560 Gäste in der Niederrheinhalle

„Die Volksbank hat erneut einen ordentlichen Gewinn erwirtschaftet – der Jahresüberschuss nach Steuern beträgt 2,2 Millionen Euro. Deshalb sind wir zufrieden mit dem Jahresergebnis 2018 und zahlen eine attraktive Dividende von vier Prozent plus einen Bonus von 0,5 Prozent,“ so Claus Overlöper, Vorstandsmitglied der Volksbank Rhein-Lippe vor 560 Mitgliedervertretern und Gästen in der Niederrheinhalle. Diese positive Entwicklung sei auf die „solide Ausrichtung“ des regionalen Finanzdienstleisters zurückzuführen.

„Unternehmerische Investitionen, die vor Ort Arbeitsplätze schaffen und sichern“

Die Forderungen an Kunden sind um ca. 26 Millionen Euro auf 1,042 Millionen Euro angestiegen. Darüber hinaus hat die Bank auch im Jahr 2018 Darlehen an ihre Verbundpartner vermittelt – 213 Millionen Euro. Die Gesamtsumme der insgesamt betreuten Kundenkredite – aus eigenen Mitteln zuzüglich der vermittelten Darlehen – ist somit um ca. 37 Mio. Euro angestiegen und betrug Ende 2018 insgesamt 1.255 Millionen Euro. „Diese Zahlen stehen unter anderem für unternehmerische Investitionen, die vor Ort Arbeitsplätze schaffen und sichern, und die heimische Wirtschaft wettbewerbsfähig halten. Und diese Zahlen stehen für die Kreditvergaben an Privatkunden zur Erfüllung des Traums vom neuen Eigenheim oder auch die Modernisierung und energetische Sanierung von älteren Ein- und Mehrfamilienhäusern ermöglicht,“ erläuterte Overlöper.

Kundenanlagevolumen stieg auf 1.664 Millionen Euro

Trotz der Niedrigzinsphase steigen auch die Kundeneinlagen weiter an. Das Kundenanlagevolumen stieg insgesamt auf 1.664 Millionen Euro. Darüber hinaus wurden 663 Millionen Euro insbesondere als Investmentanlagen bei der Union Investment, Guthaben bei der R+V-Versicherung sowie bei der Bausparkasse Schwäbisch Hall angelegt. Zum guten Ergebnis der Genossenschaftsbank im Jahr 2018 trugen auch die Aktivitäten der Tochtergesellschaft Volksbank Immobilien Niederrhein mit 160 vermittelten Objekten mit einem Volumen von 32 Millionen Euro bei.

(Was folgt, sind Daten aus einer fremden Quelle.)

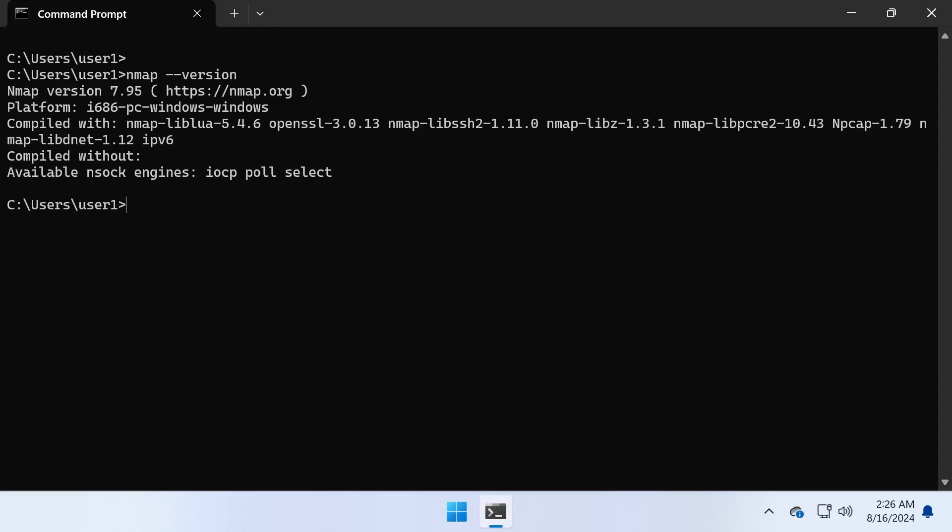Now let's see nmap in action. First, let's try a basic scan of your local network. In the command prompt type nmap followed by the network ID of your local network.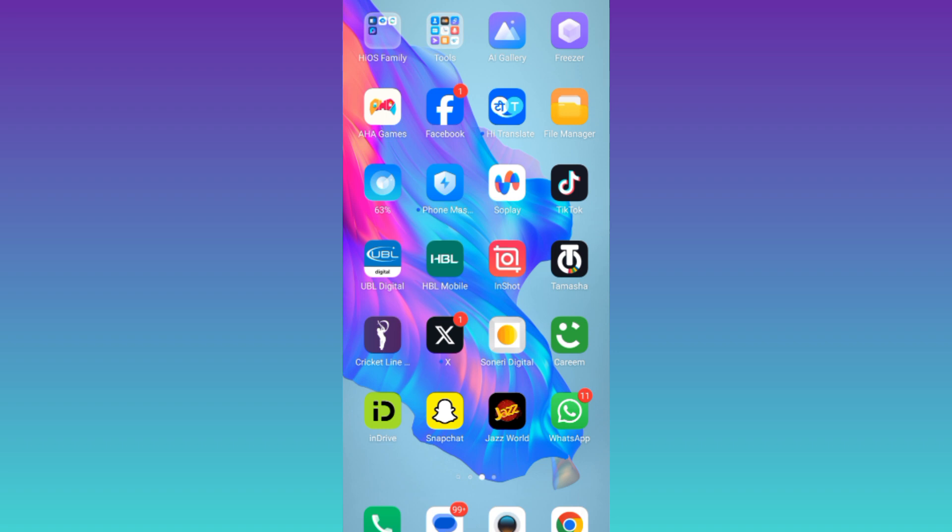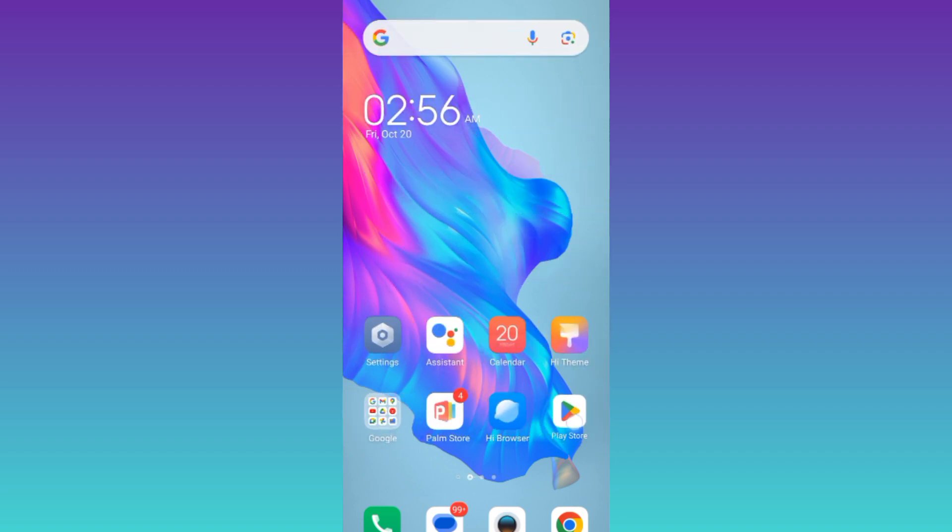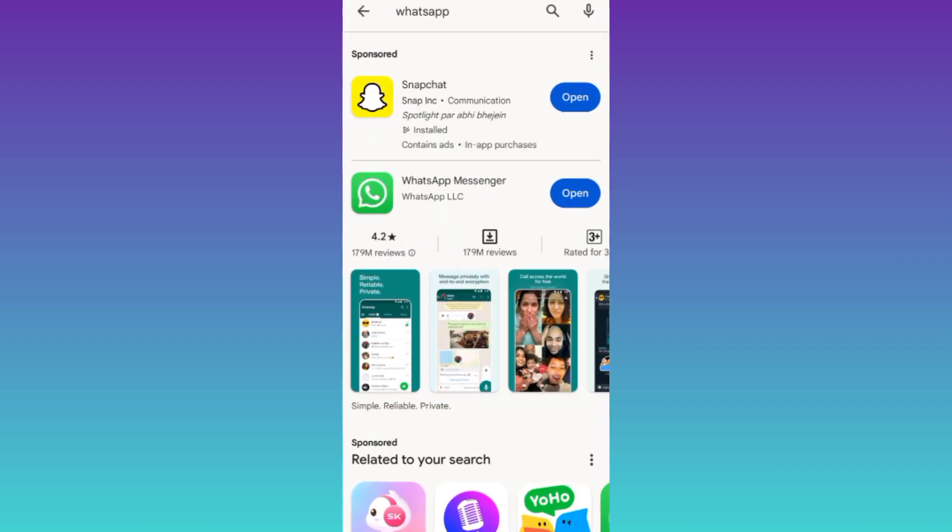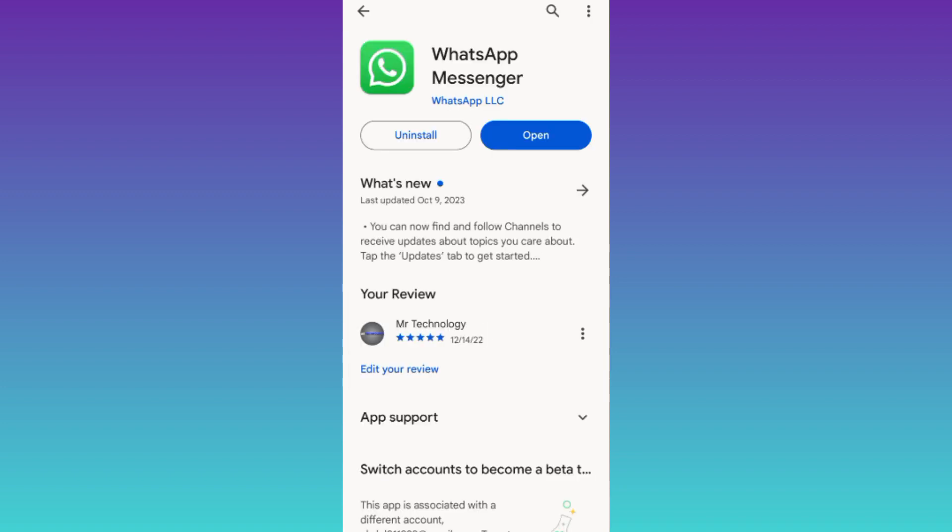In order to get Meta AI on your WhatsApp application, you need to open your Play Store and search for WhatsApp. Click on WhatsApp and make sure that your WhatsApp application is up to date. Once you've updated your WhatsApp, the Meta AI will start showing. That was it for this video, and I'll see you guys in the next one. Peace out.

Verwaltungsgebäude Friedrichsfeld kostet 17 Millionen Euro

In seiner Rede ging Overlöper auch auf den geplanten Neubau eines Verwaltungsgebäudes in Friedrichsfeld ein, für das vor einer Woche der Bauantrag eingereicht wurde und noch in diesem Jahr der erste Spatenstich erfolgen soll. Die Baukosten werden bei ca. 17 Millionen Euro liegen, die überwiegend in den Auftragsbüchern von Unternehmen und Handwerkern in der Region landen werden. Die Volksbank investiere sowohl in ihre Technik – im Herbst 2019 wird die Umstellung auf ein neues EDV-System erfolgen - als auch in die Neugestaltung ihrer Bankstellen. 2019 werden die Filialen in Wesel-Obrighoven und Hamminkeln-Brünen umgebaut und modernisiert.

Personalien und Wahlen zum Aufsichtsrat

Dirk Bottermann (Voerde), Reinhard Buchmann (Wesel-Obrighoven), Herbert Eickelkamp (Hamminkeln), Rainer Lemm (Voerde-Friedrichsfeld) und Carolin Schröer (Hamminkeln-Dingden) wurden erneut in den Aufsichtsrat gewählt.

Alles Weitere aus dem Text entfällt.